Monday, June 18, 2012

Immmmmmmm BAAAAAACK


I don't even know how to start this post out. Honestly the past couple of days and weeks I have felt called and urged from something to keep writing these posts. First of all, little things these days just seem to inspire me and give me hope, no matter the situation. It is like I have had the blinders removed from my eyes and it feels so amazing. You have no idea how great this feeling is because I feel as though before the past couple of weeks I was just going through the motions taking granted the time and of the little things God put in my life.

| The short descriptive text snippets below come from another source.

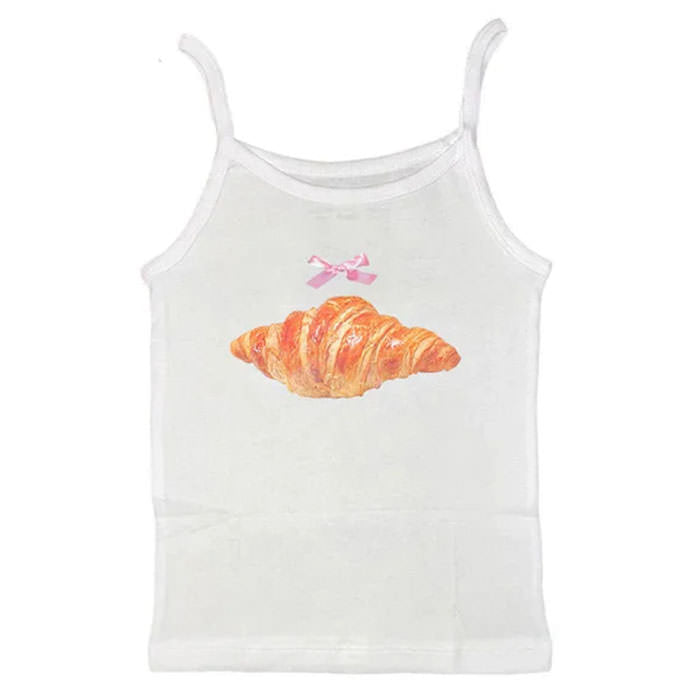 VILZSTUDIOS Y2K Croissant Graphic Tank Top product image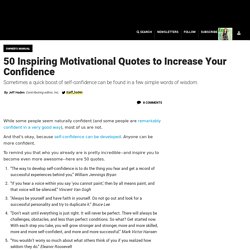 50 Inspiring Motivational Quotes to Increase Your Confidence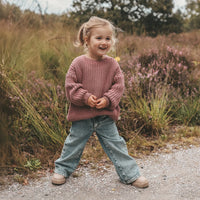 Oversized sweater mauve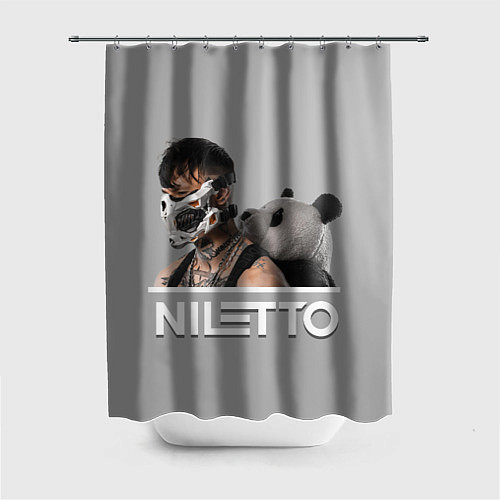 Шторка для ванной Нилетто - Криолит / 3D-принт – фото 1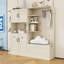 Armoire d'entrée avec tablettes et 4 crochets-309155753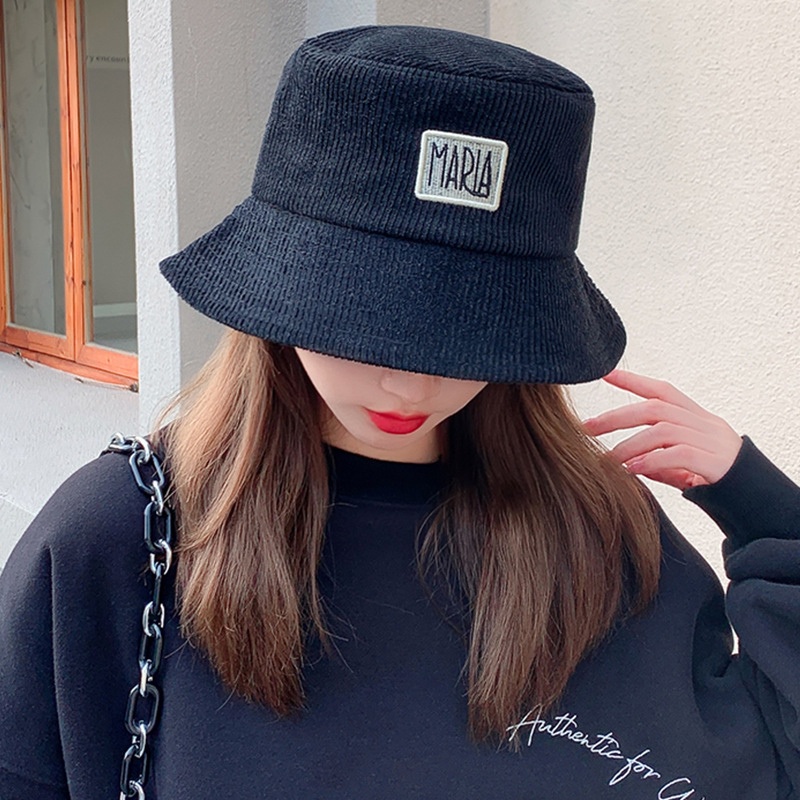 [Size Nhỏ] Mũ tai bèo Maria vành cụp chất vải nhung gân phong cách nón bucket Jussy Fashion form Ulzzang Unisex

Now that things are changing and some things have been removed from my life that were holding me back I feel as though I can live each day looking for those little things God says or shows us.

I feel that before I was so worked up and worried about graduation as well as other things that I didn't pick up all the little things that the Lord was showing me and trying to tell me. I was lost and was caught up so much in those worries and those people that I wasn't focusing on me and I was shutting out my God because my life was fine and good so why should I need the Lord? Well guess what! Uhhhhh you kind of need him all the times of your life. I learned that the hard way. Things started happening and changing so fast that I didn't know what to do, and I spun out of control into a pit of my own destruction. God has used this to show me though that I need him. We all are going to have those times when we feel alone, and like no one is there. The thing about those times is that is when our faith grows stronger and we become shaped into the person we really want to be. Some people handle change greatly and others handle it completely in the opposite of what the Lord wants, but there is going to be plenty of instances in our lives where change is going to happen. It is just our job to listen to the Lord and use him as your guide.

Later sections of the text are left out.